Grid operators need to do more than simply distribute the electricity generated by wind farms and photovoltaic plants. They also have to ensure a consistent quality of supply. Achieving this with the available systems and components is a complex issue. Researchers at Friedrich-Alexander-Universität Erlangen-Nürnberg (FAU) are currently developing a hybrid compensation plant system with partners from the fields of science, energy supply and business. To this end, the researchers have combined in a single system an energy storage element and a very powerful converter that can influence the form of the signal in the power grid. The aim is to reduce the number of individual systems. The Federal Ministry for Economic Affairs and Energy (BMWi) is funding the collaborative project with EUR 2.5 million.
Not all electricity is the same
Wind power and photovoltaics play a major role in the generation of electricity. Such energy facilities are frequently based at decentralised locations in rural regions. However, it takes a complex system of distribution networks and transformer stations to deliver sustainably produced electricity all the way to the consumer. Solar power plants, for instance, feed the direct current they generate directly into the medium-voltage and low-voltage network via power converters, which transform it into alternating current. However, the conversion process produces harmonic currents that distort the voltage, impairing the signal in the distribution network and therefore the quality of the electricity, which in turn can have a significant impact on the functioning of equipment and machines.

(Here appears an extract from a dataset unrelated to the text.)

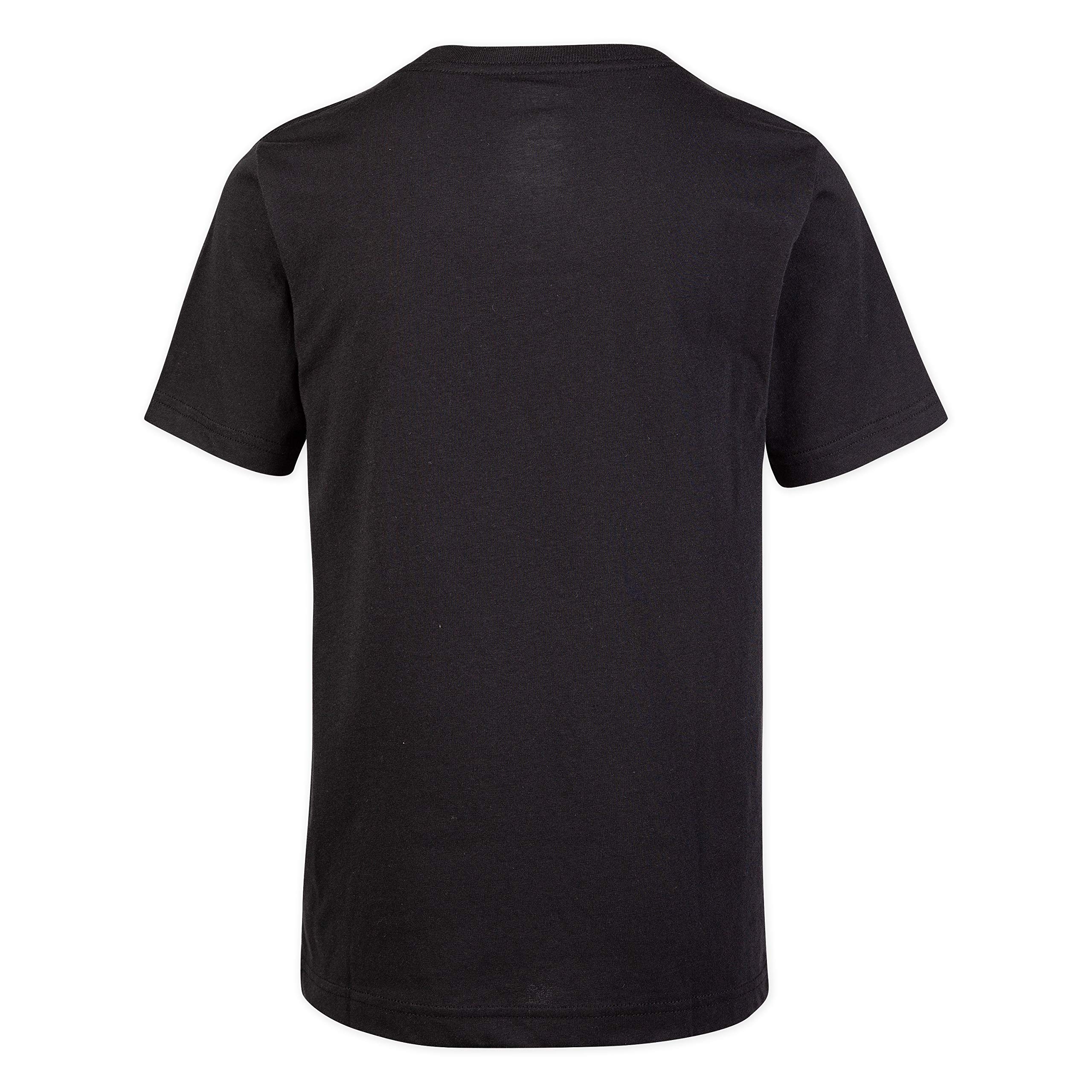 Nike Air Jordan Boys Jumpman 23 Dri-FIT Performance T-Shirt - Moisture Wicking, Breathable Fabric - XL (X-Large) Black/White - Perfect for Basketball, Sports & Casual Wear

Combined in a single system
Network operators provide system services to ensure the quality of the electricity they provide. These services are supplemented by energy held in reserve to offset unforeseen additional requirements at short notice. The energy reserves are then replenished during performance peaks. However, operators have to date made use of the required systems only as individual elements. Researchers working under the lead of TU Dortmund have now combined system services and energy reservoirs in a hybrid compensation system. 'The aim of our project is to extend the potential fields of application of battery storage systems and reduce the number of facilities needed to provide system services,' explains Ralf Böhm, research associate at the Institute for Factory Automation and Production Systems (FAPS), whose team designs the important control technology that joins the system's individual components together to form a whole. The system is equipped with a flywheel energy storage system and a battery in addition to a freely adjustable current converter that can influence the form of voltage signals. Flywheel energy storage systems are used to make major quantities of energy available at short notice while a so-called redox flow battery - a complex liquid chemical battery - with its high capacity is ideal for storing energy over the long term and releasing it on demand. The researchers want to test the compensation system in the future using a demonstration model installed in the medium voltage distribution network of the Haßfurt public utility company. The Federal Ministry for Economic Affairs and Energy has provided development funds of EUR 2.5 million as part of the HYBKomp collaborative project, of which EUR 400,000 have been allocated to FAU.